February 9, 2022
The Washington Post has analyzed photos of shrapnel and satellite imagery and cross-referenced video to confirm that Ethiopia used a Turkish drone in January in an attack that killed at least 59 civilians sheltering in a school in Tigray, according to an analysis by the paper published on Monday.
On January 7, a school was struck by a drone-delivered bomb, killing at least 59 people and gravely injuring dozens more, according to aid workers whose organizations worked at the camp for internally displaced people in Dedebit, located in the northern Ethiopian region of Tigray.
According to The Washington Post, more than 300 civilians have been killed by drone and air strikes since September, including more than 100 since the start of this year.
Weapon remnants recovered from the site of the strike by aid workers showed internal components and screw configurations that matched images of Turkish-made MAM-L munitions released by the weapons manufacturer. The MAM-L pairs exclusively with the Turkish-made Bayraktar TB-2 drone.
Military experts from the Dutch nongovernmental organization PAX and Amnesty International also identifiedthe weapon used as a MAM-L bomb that is fitted to a TB2 drone, Politico earlier reported.
The attacks have drawn criticism from US President Joe Biden and a warning from the United Nations that they may constitute a grave violation of international law, Politico said.
Drones are rapidly turning into the decisive weapon of the conflict and have helped Ethiopian government forces turn the tide against rebels from the Tigray People’s Liberation Front, which governed the country for nearly three decades before 2018.
Turkey has exported Bayraktar armed drones manufactured by defense contractor Baykar Makina Sanayi ve Ticaret Anonim Şirketi (Baykar), which is run by President Recep Tayyip Erdoğan’s son-in-law Selçuk Bayraktar. Ukraine, Poland, Qatar, Libya, Kyrgyzstan, Kazakhstan, Ethiopia and Azerbaijan have all taken delivery of the armed drones.

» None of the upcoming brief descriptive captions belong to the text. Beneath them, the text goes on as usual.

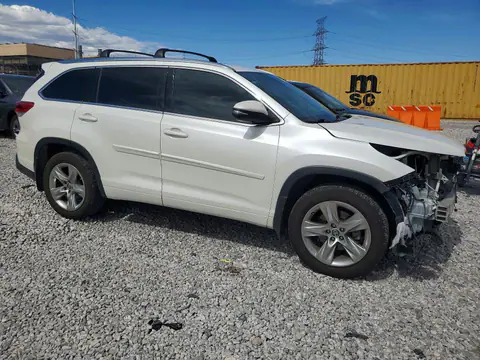 5TDDZRFH8HS434202 — 2017 Toyota Highlander, фото 4 с аукциона Copart 14.10.2026, Передняя часть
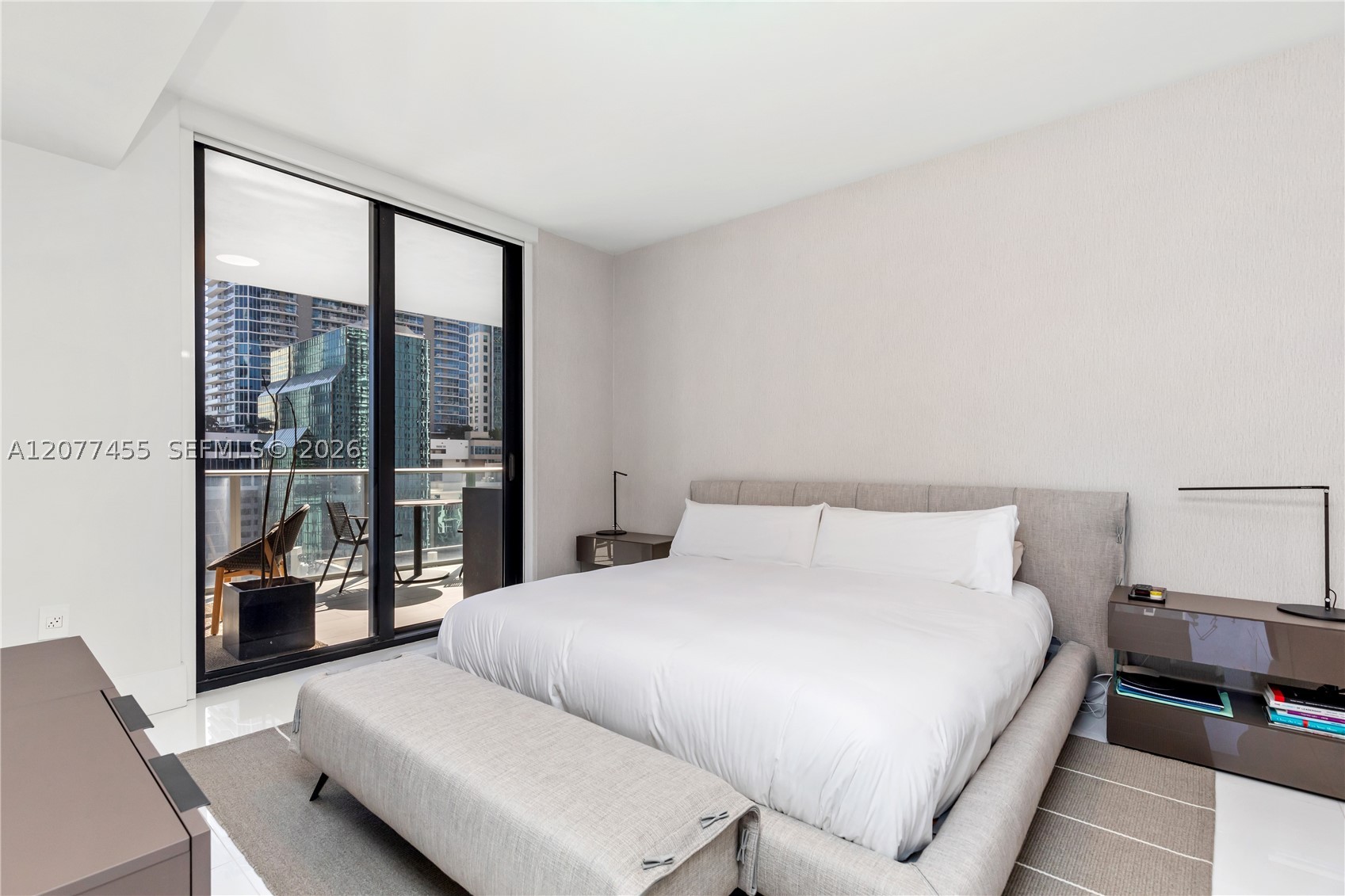 1010 Brickell Ave #1701 Miami, FL 33131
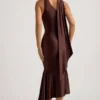 Shaya asymmetrische midi-jurk met sjaaldetail in chocoladebruin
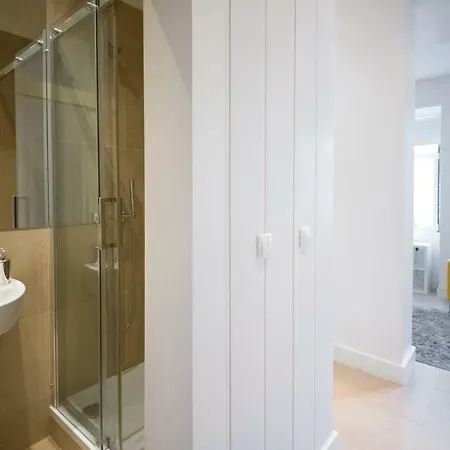 아파트 Kingshouse Lapa, Boutique Apt 2 Bedroom, A/c, Patio 리스본
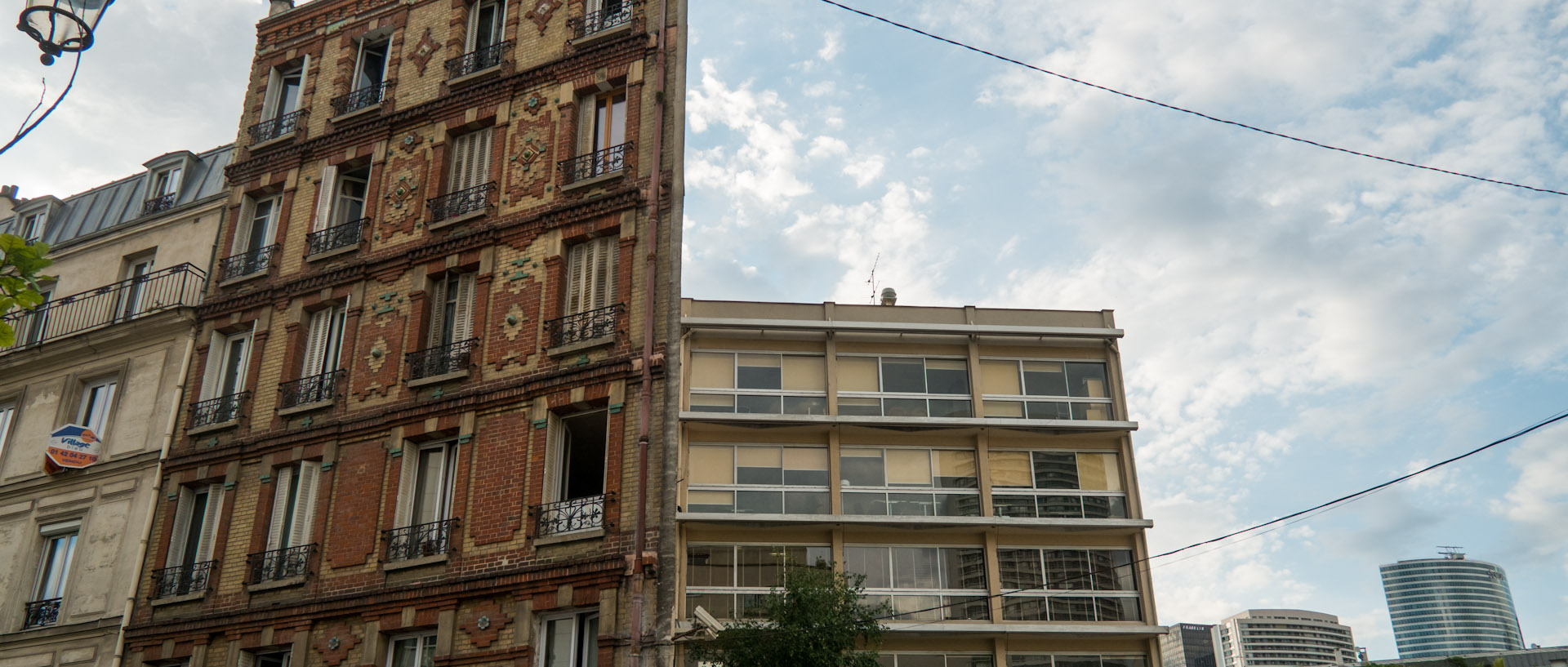 Vieux immeubles et immeubles modernes, rue Jean-Jaurès, à Puteaux.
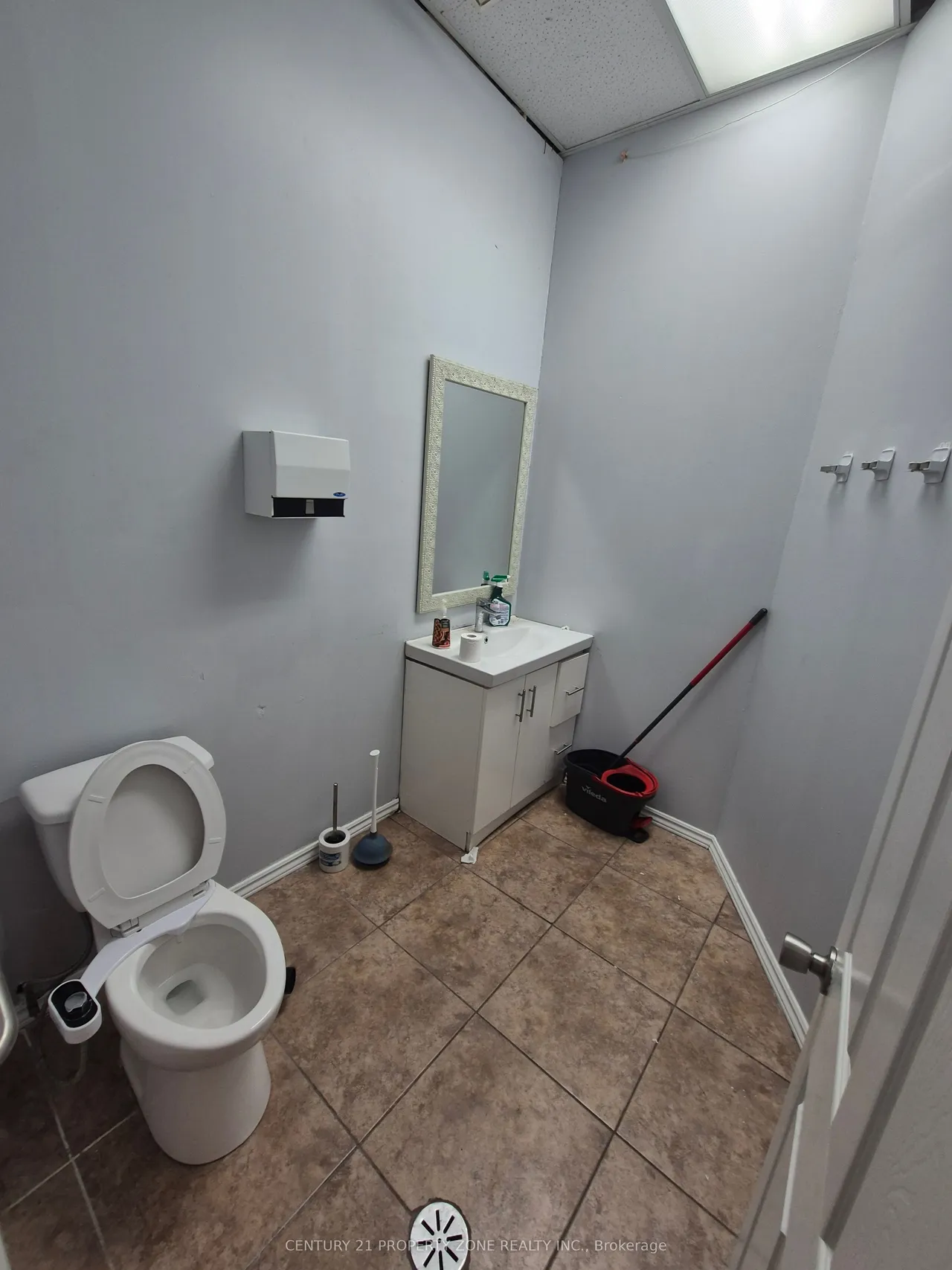 808 Britannia Road — photo 4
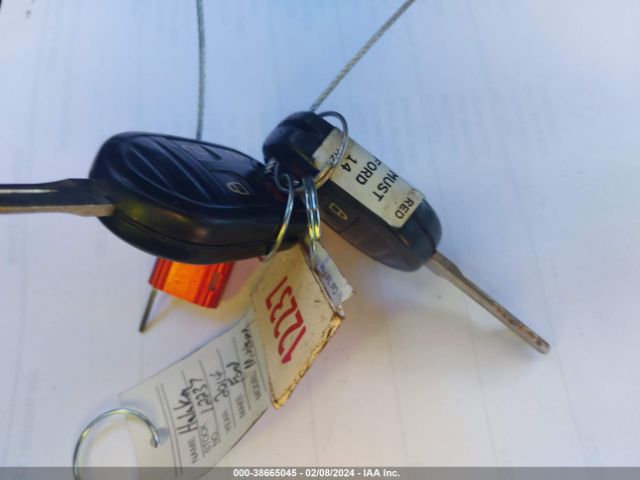 1ZVBP8EM1E5261563 Ford Mustang V6 Premium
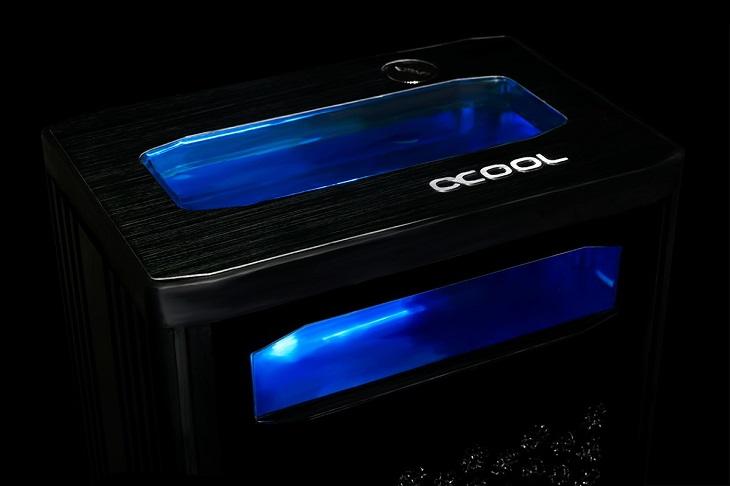 СВО Alphacool Eiswand 360 основано на керамических помпах DC-LT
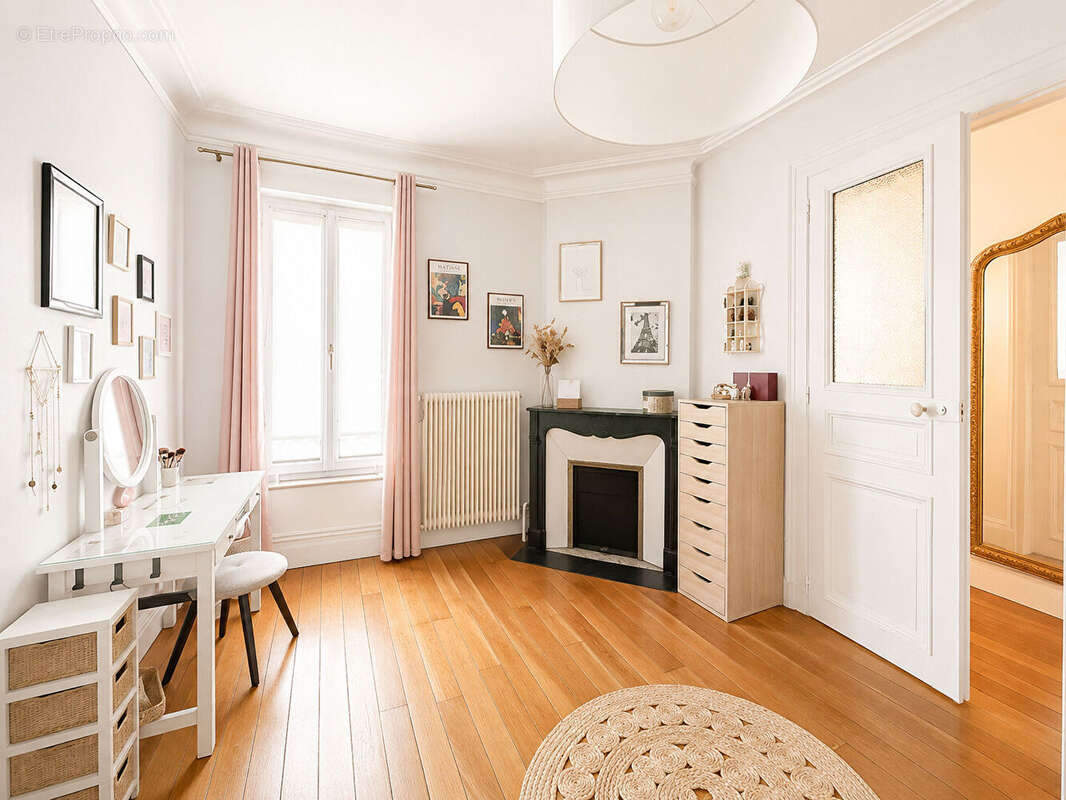 Duplex rénové de 142 m²  à 5 min de la Place Stanislas - photo 8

According to Turkey’s 2021 export figures announced by the Turkish Exporters Assembly in early December, Turkey’s arms sales reached a record level, with the biggest increase to African countries.
In the first 11 months of 2021, Turkey exported $2.793 billion worth of defense products, an increase of 39.7 percent compared to the same period of the previous year. The Turkish defense industry, which set an export record of $2.7 billion in 2019, is preparing to set a new record by closing this year with exports of more than $3 billion. For the first time the defense sector had a 1.8 percent share of Turkey’s total exports in November 2021.